Stored data:
^^^^^^^^

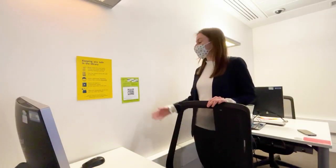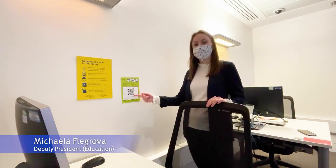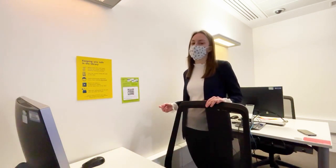If you've been in the library recently, you'd have seen one of these green posters. They each have a QR code on them, which is used for Imperial's own contact tracing program.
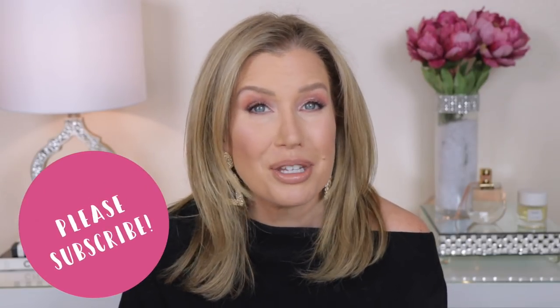That'll do it for my best of 2019 complexion video. I've shown you all my favorite foundations, powders, concealers, primers, and bronzers. Make sure you're subscribed to my channel and have hit the notification bell so you don't miss the next videos in the series — favorite eyeshadow palettes, mascaras, lip products, blushes, and highlighters. Check me out on Instagram, Twitter, and Facebook under the username Risa Does Makeup. I look forward to seeing you all again very soon.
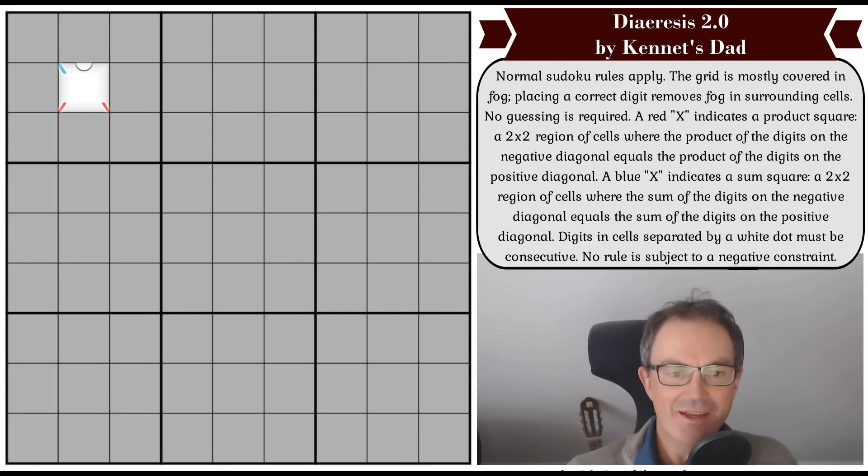Hello and welcome to Monday's edition of Cracking the Cryptic, where on an absolutely foul weather day here in the UK, I am going to be tackling a brand new Fog of War Sudoku. As you can see, this grid is covered in fog, and the puzzle is called Diuresis 2.0, and it's by Kenneth's dad, and there's a bit of a story behind this one.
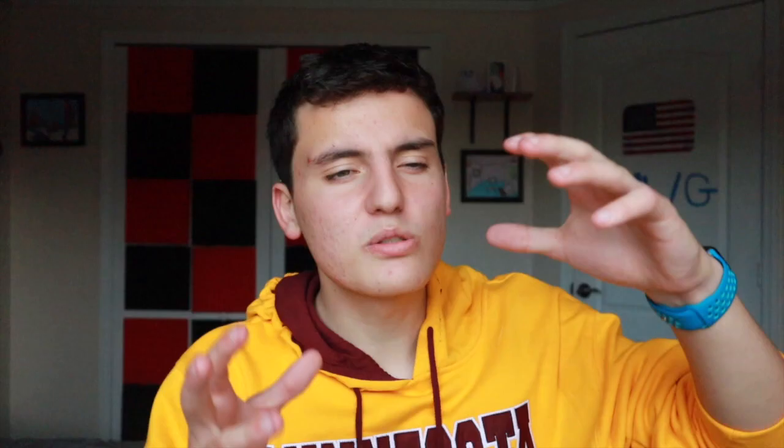If you just saw a new intro for MWG Tech, I want to thank Tommaso because he just recreated that. If not, I'll probably have it in by tomorrow. But this right here is MWG Tech where I give you the latest and greatest in tech news. And today we are going to be talking about the Lenovo 4-inch smart home display and a couple other smart home devices.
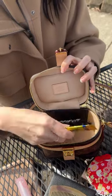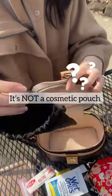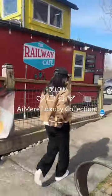And then some vitamins and band-aids and hand sanitizer. Can you guess what this is? Share your guess in the comments and follow for more beautiful handbags.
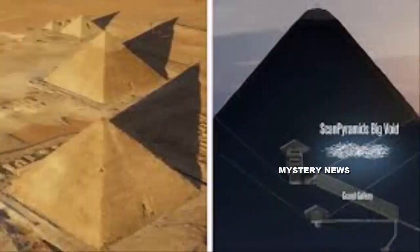Speculation that King Tutankhamun's tomb contains additional antechambers stoked interest in recent years, before scans by ground-penetrating radar and other tools came up empty, raising doubts about the claim.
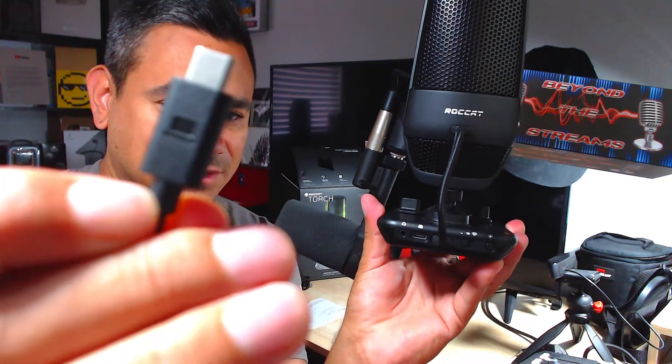Once you plug it in, it makes a little noise and starts picking everything up — the light is on. When you plug something like this in, give it a moment for your computer to read and download whatever it needs. You can see the little Roccat rocket logo glowing. If you click the button on the back, it adjusts the brightness, and you can turn it off completely.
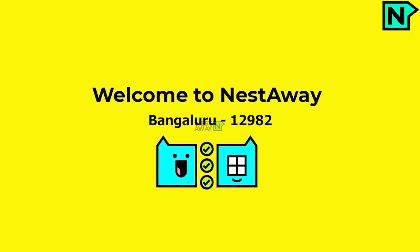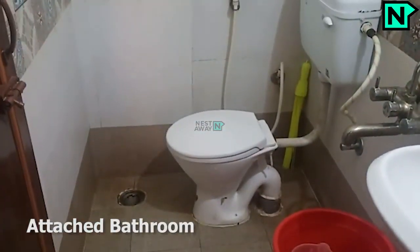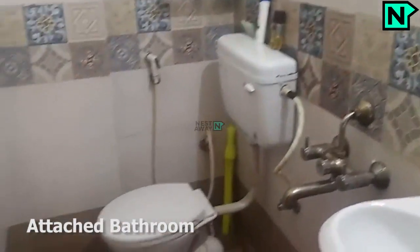Welcome to Nestaway. This is the bedroom one. This is the attached bathroom. It comes with a Western-type toilet.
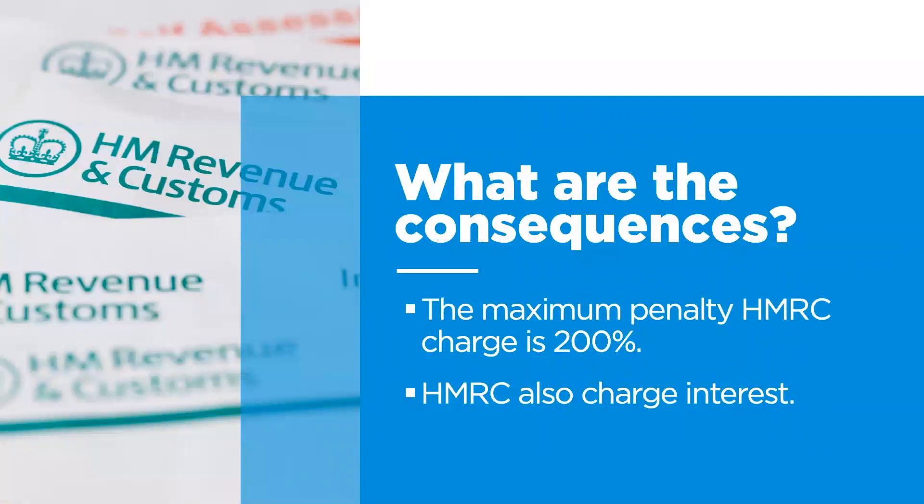How does this affect me? HMRC charge a starting penalty of 200% of the unpaid tax and interest due from the date the tax should have been paid. We can help reduce this by the quality and timeliness of the disclosure.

^^^^^^^^

Task directions:
The response should consist of the entries above, given again exactly and free of pictures.

Task solution:
If you've been in the library recently, you'd have seen one of these green posters. They each have a QR code on them, which is used for Imperial's own contact tracing program.
That'll do it for my best of 2019 complexion video. I've shown you all my favorite foundations, powders, concealers, primers, and bronzers. Make sure you're subscribed to my channel and have hit the notification bell so you don't miss the next videos in the series — favorite eyeshadow palettes, mascaras, lip products, blushes, and highlighters. Check me out on Instagram, Twitter, and Facebook under the username Risa Does Makeup. I look forward to seeing you all again very soon.
Hello and welcome to Monday's edition of Cracking the Cryptic, where on an absolutely foul weather day here in the UK, I am going to be tackling a brand new Fog of War Sudoku. As you can see, this grid is covered in fog, and the puzzle is called Diuresis 2.0, and it's by Kenneth's dad, and there's a bit of a story behind this one.
If you just saw a new intro for MWG Tech, I want to thank Tommaso because he just recreated that. If not, I'll probably have it in by tomorrow. But this right here is MWG Tech where I give you the latest and greatest in tech news. And today we are going to be talking about the Lenovo 4-inch smart home display and a couple other smart home devices.
And then some vitamins and band-aids and hand sanitizer. Can you guess what this is? Share your guess in the comments and follow for more beautiful handbags.
Speculation that King Tutankhamun's tomb contains additional antechambers stoked interest in recent years, before scans by ground-penetrating radar and other tools came up empty, raising doubts about the claim.
Once you plug it in, it makes a little noise and starts picking everything up — the light is on. When you plug something like this in, give it a moment for your computer to read and download whatever it needs. You can see the little Roccat rocket logo glowing. If you click the button on the back, it adjusts the brightness, and you can turn it off completely.
Welcome to Nestaway. This is the bedroom one. This is the attached bathroom. It comes with a Western-type toilet.
How does this affect me? HMRC charge a starting penalty of 200% of the unpaid tax and interest due from the date the tax should have been paid. We can help reduce this by the quality and timeliness of the disclosure.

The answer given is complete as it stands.